Instructions to follow:
Would you reproduce each line below exactly, leaving every picture out?

Data block:
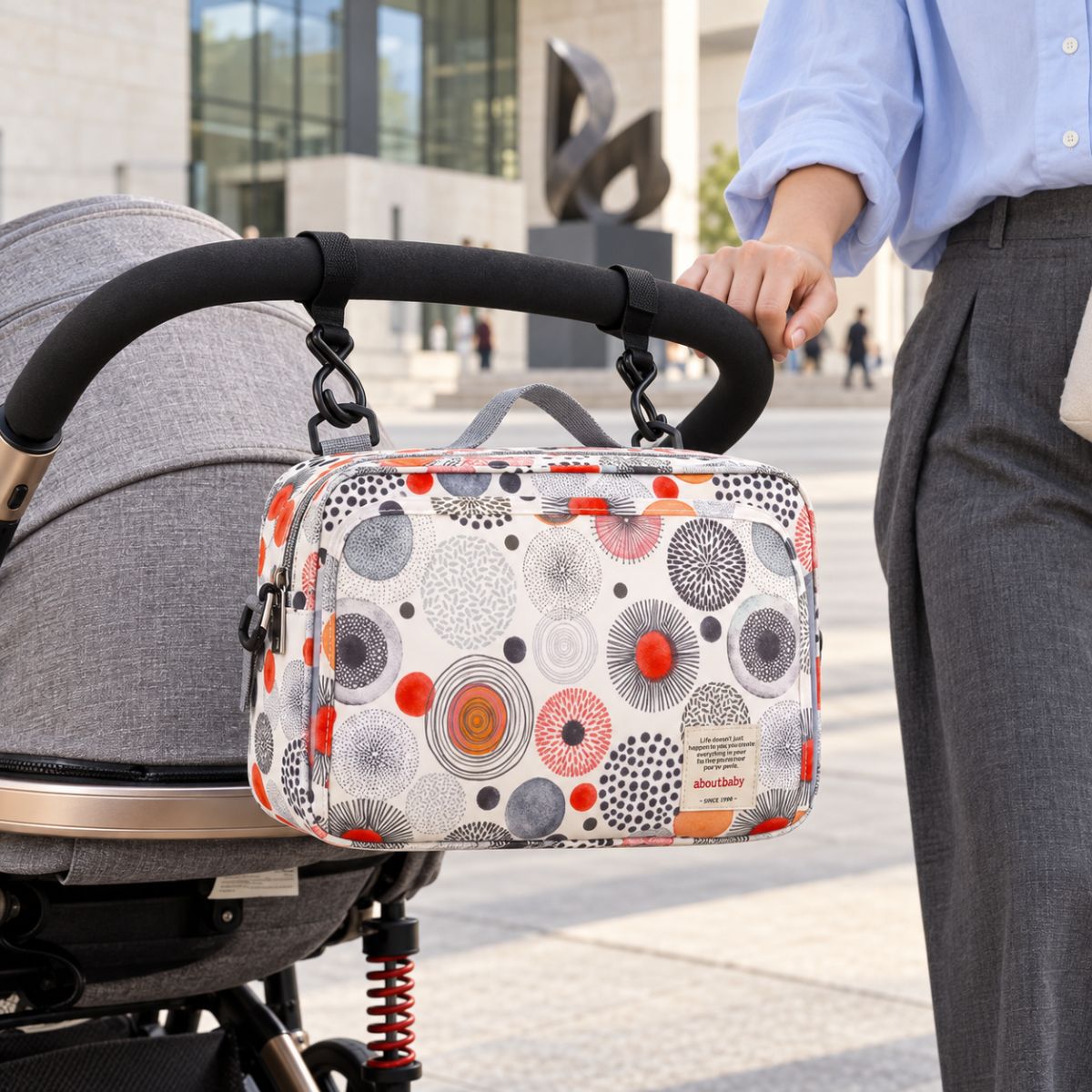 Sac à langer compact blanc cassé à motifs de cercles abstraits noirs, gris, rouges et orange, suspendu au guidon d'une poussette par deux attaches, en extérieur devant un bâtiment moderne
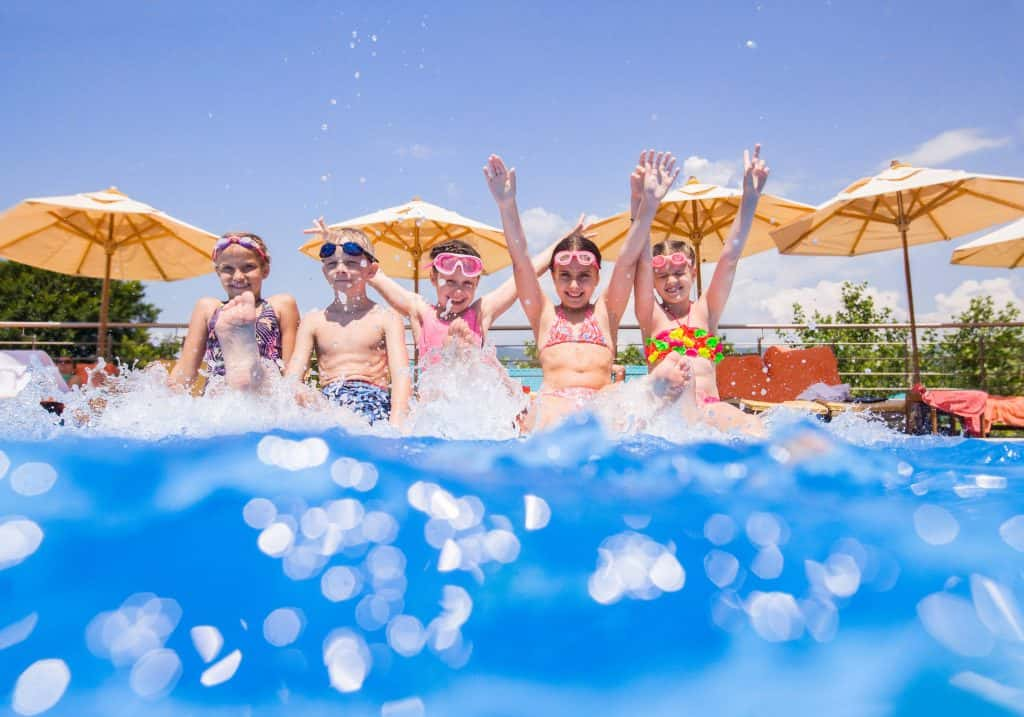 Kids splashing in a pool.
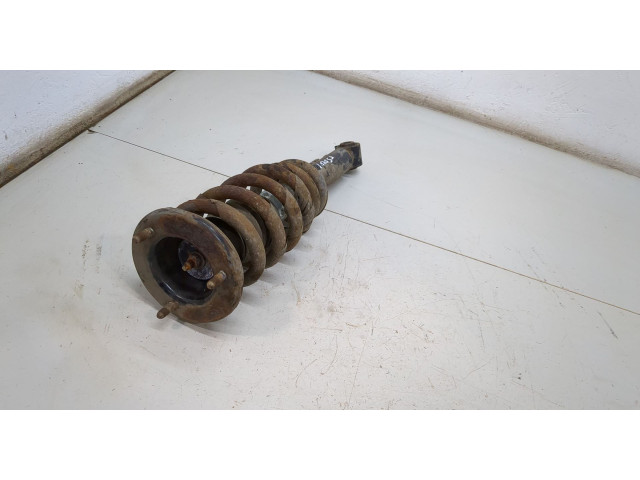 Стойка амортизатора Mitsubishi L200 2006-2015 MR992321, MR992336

Completed task:
 Sac à langer compact blanc cassé à motifs de cercles abstraits noirs, gris, rouges et orange, suspendu au guidon d'une poussette par deux attaches, en extérieur devant un bâtiment moderne
 Kids splashing in a pool.
 Стойка амортизатора Mitsubishi L200 2006-2015 MR992321, MR992336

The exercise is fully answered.